EXTRACTED MATERIAL below:

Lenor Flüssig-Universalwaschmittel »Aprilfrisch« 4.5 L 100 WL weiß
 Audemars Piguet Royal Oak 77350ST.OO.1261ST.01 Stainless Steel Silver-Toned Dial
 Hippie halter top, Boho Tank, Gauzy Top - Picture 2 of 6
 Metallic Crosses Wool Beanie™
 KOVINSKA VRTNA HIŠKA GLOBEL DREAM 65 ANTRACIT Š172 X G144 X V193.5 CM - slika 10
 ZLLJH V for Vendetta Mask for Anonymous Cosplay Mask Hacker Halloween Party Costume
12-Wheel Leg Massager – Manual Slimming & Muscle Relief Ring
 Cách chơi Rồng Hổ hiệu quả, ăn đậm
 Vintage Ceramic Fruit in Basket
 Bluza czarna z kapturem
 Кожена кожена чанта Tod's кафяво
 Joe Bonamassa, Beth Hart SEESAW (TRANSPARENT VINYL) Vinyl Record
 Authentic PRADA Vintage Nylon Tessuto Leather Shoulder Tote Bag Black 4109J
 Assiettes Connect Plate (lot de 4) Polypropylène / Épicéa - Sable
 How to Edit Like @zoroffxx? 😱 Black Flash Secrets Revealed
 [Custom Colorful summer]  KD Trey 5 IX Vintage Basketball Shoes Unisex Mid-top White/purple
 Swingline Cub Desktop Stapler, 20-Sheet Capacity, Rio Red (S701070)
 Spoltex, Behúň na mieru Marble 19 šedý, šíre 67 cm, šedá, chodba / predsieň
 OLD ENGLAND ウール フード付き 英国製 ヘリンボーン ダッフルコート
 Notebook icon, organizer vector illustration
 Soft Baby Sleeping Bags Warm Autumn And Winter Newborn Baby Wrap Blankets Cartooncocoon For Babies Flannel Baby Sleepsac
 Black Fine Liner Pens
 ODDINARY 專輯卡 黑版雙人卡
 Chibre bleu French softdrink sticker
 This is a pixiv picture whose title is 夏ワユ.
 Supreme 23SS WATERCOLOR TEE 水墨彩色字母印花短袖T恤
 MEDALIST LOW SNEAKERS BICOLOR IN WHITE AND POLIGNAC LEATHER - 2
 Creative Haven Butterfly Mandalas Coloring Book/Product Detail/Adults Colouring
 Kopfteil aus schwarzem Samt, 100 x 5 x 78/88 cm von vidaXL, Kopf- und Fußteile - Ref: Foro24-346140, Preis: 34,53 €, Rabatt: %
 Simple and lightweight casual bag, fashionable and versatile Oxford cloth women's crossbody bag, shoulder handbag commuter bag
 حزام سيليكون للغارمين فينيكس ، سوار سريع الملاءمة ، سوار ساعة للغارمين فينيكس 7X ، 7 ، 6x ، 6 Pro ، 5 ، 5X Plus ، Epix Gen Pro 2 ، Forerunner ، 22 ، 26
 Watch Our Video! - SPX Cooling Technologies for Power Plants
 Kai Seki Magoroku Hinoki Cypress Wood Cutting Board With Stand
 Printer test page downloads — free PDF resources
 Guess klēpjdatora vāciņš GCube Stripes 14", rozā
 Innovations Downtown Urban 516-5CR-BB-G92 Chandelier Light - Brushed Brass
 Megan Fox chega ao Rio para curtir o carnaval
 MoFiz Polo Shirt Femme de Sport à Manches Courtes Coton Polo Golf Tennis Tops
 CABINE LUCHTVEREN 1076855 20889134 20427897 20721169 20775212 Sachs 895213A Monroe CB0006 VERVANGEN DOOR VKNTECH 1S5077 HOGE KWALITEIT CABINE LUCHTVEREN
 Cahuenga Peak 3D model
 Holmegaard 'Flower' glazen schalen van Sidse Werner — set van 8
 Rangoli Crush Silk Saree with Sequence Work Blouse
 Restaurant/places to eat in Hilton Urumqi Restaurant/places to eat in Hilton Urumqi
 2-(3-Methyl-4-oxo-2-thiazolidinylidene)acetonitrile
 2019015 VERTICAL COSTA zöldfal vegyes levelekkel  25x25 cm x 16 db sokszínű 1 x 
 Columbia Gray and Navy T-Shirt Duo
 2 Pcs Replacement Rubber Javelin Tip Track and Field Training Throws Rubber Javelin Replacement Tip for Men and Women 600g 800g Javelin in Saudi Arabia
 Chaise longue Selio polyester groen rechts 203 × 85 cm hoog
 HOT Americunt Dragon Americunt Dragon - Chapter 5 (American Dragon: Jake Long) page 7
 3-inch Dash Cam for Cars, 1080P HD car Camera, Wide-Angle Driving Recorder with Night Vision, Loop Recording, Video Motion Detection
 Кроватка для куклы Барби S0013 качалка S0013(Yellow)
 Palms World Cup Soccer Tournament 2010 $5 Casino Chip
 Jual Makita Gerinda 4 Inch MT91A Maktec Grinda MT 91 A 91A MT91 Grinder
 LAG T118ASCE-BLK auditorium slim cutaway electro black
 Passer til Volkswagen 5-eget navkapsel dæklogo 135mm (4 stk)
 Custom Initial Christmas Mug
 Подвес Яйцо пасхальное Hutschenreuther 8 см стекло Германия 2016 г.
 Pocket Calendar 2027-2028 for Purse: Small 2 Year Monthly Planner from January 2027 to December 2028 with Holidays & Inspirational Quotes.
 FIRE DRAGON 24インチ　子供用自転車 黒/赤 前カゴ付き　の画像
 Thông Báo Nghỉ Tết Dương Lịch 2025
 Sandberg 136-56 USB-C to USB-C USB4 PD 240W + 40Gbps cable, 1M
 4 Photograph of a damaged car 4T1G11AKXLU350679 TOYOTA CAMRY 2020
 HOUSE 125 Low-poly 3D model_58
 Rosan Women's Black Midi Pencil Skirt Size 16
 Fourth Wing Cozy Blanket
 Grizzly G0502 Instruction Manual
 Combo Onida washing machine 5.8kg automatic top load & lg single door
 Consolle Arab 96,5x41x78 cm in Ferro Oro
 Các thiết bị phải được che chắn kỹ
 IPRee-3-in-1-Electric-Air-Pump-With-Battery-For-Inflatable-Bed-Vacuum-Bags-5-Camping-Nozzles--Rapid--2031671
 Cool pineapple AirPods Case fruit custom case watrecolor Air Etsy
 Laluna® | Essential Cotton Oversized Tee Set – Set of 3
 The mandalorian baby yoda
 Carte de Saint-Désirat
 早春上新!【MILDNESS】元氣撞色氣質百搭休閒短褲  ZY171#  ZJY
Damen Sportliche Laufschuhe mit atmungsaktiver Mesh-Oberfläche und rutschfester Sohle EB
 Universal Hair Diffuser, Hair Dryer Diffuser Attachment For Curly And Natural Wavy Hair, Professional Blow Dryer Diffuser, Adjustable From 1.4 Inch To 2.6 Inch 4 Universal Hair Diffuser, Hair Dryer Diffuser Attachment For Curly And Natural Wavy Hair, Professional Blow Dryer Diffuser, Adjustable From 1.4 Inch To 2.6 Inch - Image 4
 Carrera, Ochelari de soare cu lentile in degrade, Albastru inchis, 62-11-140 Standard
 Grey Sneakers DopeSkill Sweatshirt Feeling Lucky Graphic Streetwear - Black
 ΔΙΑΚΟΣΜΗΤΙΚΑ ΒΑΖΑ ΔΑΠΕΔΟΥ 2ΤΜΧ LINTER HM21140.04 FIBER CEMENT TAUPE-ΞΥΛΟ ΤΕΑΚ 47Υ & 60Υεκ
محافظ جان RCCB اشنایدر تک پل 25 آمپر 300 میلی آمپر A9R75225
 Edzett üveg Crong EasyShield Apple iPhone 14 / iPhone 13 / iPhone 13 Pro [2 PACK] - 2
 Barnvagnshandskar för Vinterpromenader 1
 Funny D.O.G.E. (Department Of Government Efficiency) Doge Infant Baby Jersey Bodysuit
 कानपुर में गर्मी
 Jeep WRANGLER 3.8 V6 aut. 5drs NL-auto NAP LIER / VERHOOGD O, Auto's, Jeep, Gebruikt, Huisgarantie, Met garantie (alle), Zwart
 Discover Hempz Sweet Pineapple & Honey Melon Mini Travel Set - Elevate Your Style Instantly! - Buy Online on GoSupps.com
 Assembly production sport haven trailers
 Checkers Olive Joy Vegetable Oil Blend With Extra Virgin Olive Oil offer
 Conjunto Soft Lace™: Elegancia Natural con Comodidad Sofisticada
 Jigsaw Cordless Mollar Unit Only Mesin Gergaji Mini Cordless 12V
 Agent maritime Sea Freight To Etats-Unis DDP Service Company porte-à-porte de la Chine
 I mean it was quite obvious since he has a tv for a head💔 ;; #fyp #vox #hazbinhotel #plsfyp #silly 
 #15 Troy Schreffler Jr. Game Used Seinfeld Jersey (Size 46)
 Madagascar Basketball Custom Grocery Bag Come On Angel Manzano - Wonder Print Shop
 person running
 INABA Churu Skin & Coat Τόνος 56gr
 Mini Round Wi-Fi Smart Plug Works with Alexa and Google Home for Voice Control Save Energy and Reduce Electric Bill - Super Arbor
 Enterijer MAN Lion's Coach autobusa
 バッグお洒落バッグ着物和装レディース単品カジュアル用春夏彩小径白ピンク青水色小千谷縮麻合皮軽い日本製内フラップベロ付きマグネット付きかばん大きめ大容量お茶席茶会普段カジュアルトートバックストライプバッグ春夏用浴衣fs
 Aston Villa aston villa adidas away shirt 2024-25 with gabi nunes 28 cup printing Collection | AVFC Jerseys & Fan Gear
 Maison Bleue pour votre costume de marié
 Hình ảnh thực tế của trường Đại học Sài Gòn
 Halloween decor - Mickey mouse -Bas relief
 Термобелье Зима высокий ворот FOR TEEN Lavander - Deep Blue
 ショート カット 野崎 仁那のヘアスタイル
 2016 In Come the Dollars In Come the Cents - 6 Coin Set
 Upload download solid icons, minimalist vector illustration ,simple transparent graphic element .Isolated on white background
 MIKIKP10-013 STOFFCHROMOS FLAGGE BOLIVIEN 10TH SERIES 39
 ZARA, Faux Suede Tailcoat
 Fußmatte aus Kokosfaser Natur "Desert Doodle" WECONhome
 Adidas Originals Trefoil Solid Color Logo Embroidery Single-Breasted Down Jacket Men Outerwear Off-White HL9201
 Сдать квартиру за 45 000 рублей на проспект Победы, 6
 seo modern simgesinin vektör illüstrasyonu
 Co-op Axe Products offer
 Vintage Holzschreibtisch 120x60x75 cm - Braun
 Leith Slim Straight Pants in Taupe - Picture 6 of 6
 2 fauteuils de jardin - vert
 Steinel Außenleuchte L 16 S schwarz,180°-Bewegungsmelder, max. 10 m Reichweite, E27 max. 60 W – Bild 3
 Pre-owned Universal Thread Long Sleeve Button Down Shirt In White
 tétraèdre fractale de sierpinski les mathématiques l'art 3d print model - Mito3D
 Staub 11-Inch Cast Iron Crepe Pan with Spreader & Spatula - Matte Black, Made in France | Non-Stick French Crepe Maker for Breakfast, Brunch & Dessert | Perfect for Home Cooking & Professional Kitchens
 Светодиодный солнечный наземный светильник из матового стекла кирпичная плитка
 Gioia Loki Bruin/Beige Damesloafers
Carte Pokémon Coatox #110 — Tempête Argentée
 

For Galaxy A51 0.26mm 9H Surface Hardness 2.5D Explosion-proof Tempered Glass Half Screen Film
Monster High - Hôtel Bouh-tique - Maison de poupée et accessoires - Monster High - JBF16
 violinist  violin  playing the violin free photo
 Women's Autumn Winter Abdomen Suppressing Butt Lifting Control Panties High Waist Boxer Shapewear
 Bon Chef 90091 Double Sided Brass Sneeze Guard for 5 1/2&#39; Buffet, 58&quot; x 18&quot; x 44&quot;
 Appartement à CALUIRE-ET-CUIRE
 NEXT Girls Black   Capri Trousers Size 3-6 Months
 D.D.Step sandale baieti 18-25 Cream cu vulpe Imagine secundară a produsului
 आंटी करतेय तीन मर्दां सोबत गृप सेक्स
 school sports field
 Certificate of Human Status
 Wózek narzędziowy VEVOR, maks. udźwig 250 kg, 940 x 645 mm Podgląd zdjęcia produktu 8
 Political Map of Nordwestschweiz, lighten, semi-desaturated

End of EXTRACTED MATERIAL.

* _EXERCISE DIRECTIONS_
From the records above, transcribe without alteration every line from the one with "MEDALIST LOW SNEAKERS" to the one with "Printer test page", inclusive.

* _THE ANSWER_
 MEDALIST LOW SNEAKERS BICOLOR IN WHITE AND POLIGNAC LEATHER - 2
 Creative Haven Butterfly Mandalas Coloring Book/Product Detail/Adults Colouring
 Kopfteil aus schwarzem Samt, 100 x 5 x 78/88 cm von vidaXL, Kopf- und Fußteile - Ref: Foro24-346140, Preis: 34,53 €, Rabatt: %
 Simple and lightweight casual bag, fashionable and versatile Oxford cloth women's crossbody bag, shoulder handbag commuter bag
 حزام سيليكون للغارمين فينيكس ، سوار سريع الملاءمة ، سوار ساعة للغارمين فينيكس 7X ، 7 ، 6x ، 6 Pro ، 5 ، 5X Plus ، Epix Gen Pro 2 ، Forerunner ، 22 ، 26
 Watch Our Video! - SPX Cooling Technologies for Power Plants
 Kai Seki Magoroku Hinoki Cypress Wood Cutting Board With Stand
 Printer test page downloads — free PDF resources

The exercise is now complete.